Stored data:
____

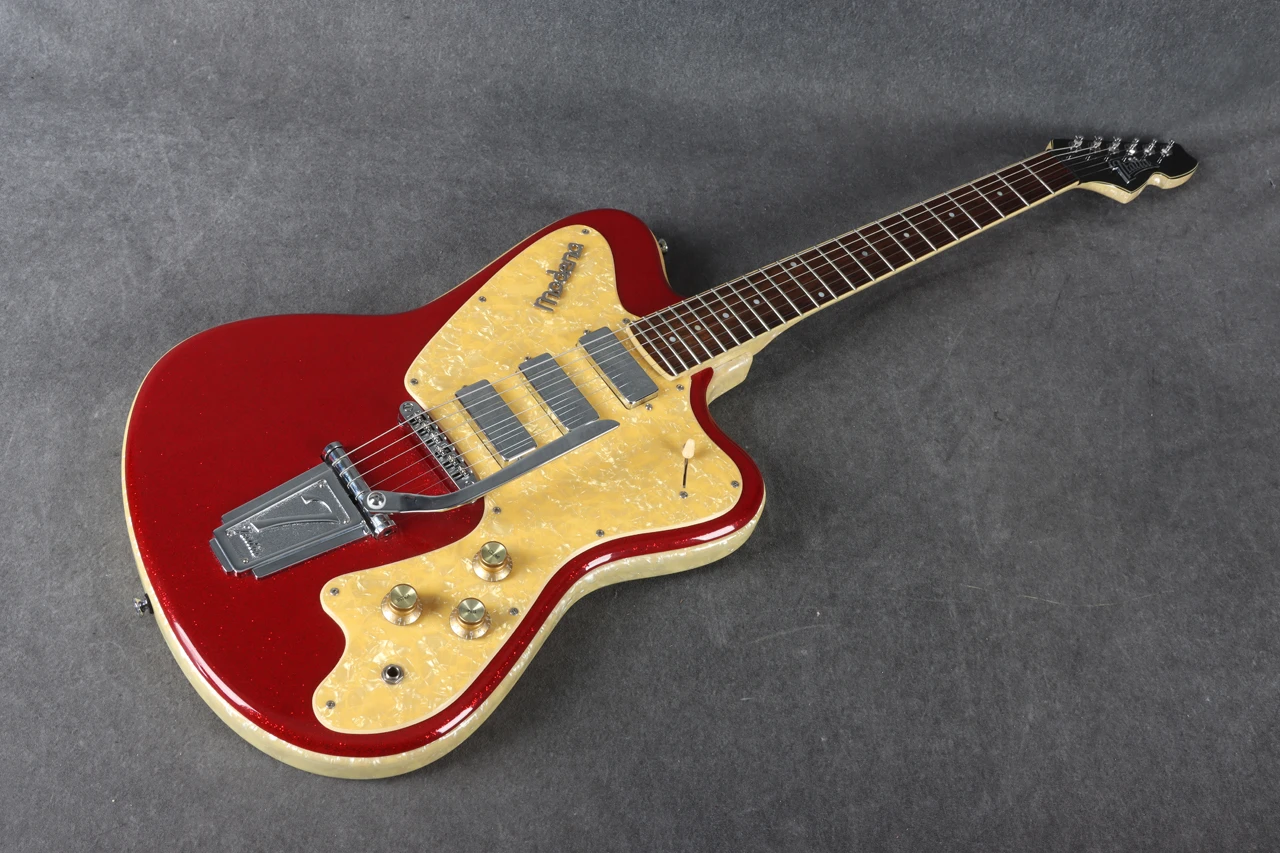 Italia Modena Classic Red 2nd Hand | Rich Tone Music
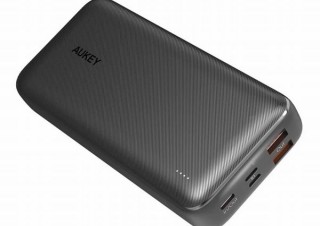 AUKEY、Lightning入力端子搭載の大容量20000mAhモバイルバッテリー発売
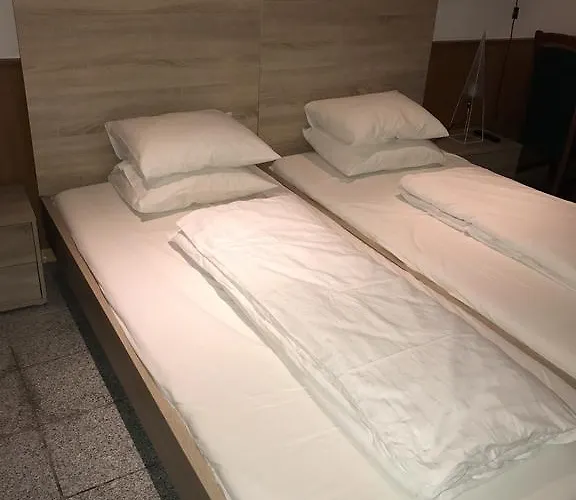 Bed and Breakfast Cafe 168 Βιέννη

____

What you have to do:
With pictures excluded, the data must be transcribed in full and to the letter.

Solution to this task:
 Italia Modena Classic Red 2nd Hand | Rich Tone Music
 AUKEY、Lightning入力端子搭載の大容量20000mAhモバイルバッテリー発売
 Bed and Breakfast Cafe 168 Βιέννη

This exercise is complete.